Au Sénégal, certains l’appellent Félix, d’autres Samba Félix. En France, ils connaissent Samba. Je parle du cinéaste, mon ami !

Il y a 25 ans, un certain 18 Octobre, Amet l’ami de tous et mon plus que frère … partait au ciel ! Le 06 Novembre2019, l’institut français a « célébré » les 10 ans de la disparition de Samba Félix Ndiaye. Quand un vieux perd ses béquilles, il a du mal à se déplacer.

Ma génération a eu une chance inouïe d’avoir des « grands », des « petits » , des « jumeaux » et des « bokk mbar ». Félix est mon grand.

Professeur de cinéma à PARIS-VIII –La –Vraie (Vincennes), Félix m’a accueilli dans sa salle de classe, m’a présenté et demandé de raconter mon « Sénégal » … mon « Sénégal audiovisuel » !… je ne sais plus ce que j’ai raconté … Notre relation s’est fortifiée au delà des relations entre nos deux familles.

A l’époque, à « Vincennes », le professeur n’en était pas un, mais une sorte de chercheur qui traquait le sens avec d’autres étudiants d’origines différentes (difficile à faire comprendre aujourd’hui , j’avoue) … mais c’est pas grave. Félix était mon grand.

A Vincennes, mon premier document filmique était ma vision de Paris à partir de diapositives. Ce premier exercice m’a convaincu qu’on peut s’exprimer en images inanimées … Et quelques années plus tard, dans la cour de la Roulotte, on a crée une agence de photos, «MBAYE -NDIAYE» qui n’a sorti qu’un seul recueil, didactique, intitulé « l’eau c’est la vie » commandité par l’Unicef.

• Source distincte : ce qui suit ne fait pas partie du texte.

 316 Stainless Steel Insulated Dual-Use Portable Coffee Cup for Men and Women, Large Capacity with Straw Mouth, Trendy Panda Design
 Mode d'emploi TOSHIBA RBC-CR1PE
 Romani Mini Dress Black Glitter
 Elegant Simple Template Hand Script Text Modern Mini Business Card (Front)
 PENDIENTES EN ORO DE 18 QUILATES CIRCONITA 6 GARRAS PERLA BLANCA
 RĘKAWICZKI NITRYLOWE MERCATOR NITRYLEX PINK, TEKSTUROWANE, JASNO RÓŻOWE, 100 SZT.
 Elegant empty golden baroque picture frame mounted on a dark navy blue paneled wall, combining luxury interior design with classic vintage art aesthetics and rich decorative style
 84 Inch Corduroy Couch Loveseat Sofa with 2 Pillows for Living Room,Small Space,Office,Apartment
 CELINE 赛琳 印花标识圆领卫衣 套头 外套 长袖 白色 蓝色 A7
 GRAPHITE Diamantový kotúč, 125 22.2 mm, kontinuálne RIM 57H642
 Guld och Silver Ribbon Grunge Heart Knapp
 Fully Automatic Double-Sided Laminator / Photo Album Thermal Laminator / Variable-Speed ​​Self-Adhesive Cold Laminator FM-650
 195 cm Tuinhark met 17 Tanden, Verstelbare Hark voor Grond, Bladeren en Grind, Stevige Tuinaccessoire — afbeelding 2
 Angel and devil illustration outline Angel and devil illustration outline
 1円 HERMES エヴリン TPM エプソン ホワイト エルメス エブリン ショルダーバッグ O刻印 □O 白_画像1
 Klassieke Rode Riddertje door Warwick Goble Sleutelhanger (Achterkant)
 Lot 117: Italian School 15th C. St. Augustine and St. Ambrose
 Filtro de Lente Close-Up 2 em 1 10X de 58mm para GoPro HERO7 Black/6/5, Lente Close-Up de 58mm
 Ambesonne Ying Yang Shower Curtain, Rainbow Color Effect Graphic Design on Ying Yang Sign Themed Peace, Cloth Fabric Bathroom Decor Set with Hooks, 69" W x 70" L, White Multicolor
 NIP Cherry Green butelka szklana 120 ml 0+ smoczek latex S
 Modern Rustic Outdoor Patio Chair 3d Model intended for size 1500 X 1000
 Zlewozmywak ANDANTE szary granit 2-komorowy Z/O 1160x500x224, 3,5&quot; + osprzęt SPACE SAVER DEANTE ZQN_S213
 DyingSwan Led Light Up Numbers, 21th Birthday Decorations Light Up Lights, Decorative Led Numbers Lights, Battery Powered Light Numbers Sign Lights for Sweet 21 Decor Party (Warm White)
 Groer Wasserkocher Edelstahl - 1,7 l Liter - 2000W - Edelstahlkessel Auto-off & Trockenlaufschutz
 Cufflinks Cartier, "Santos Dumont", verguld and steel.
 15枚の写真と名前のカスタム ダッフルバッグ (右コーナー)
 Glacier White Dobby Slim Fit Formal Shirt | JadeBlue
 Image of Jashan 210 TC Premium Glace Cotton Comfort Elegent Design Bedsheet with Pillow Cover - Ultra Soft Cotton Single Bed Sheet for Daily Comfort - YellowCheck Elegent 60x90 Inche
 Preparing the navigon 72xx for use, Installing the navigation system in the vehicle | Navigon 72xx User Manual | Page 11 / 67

Dans mes années parisiennes difficiles, Félix m’a ouvert sa maison, a partagé ses repas avec moi, et m’a ouvert le regard sur le cinéma. Etant un vieux parigo , il était « branché » : toujours en contact avec les cinéastes qui « comptaient », les techniciens qui inventaient ou traficotaient les caméras et autres « nagras » … Son expertise et sa maîtrise de la culture sénégalaise, qu’il démontre avec son film « PérantaL » , lui donnèrent une notoriété qui pousse plusieurs cinéastes à se rapprocher de lui, pour un avis, un conseil ou une explication .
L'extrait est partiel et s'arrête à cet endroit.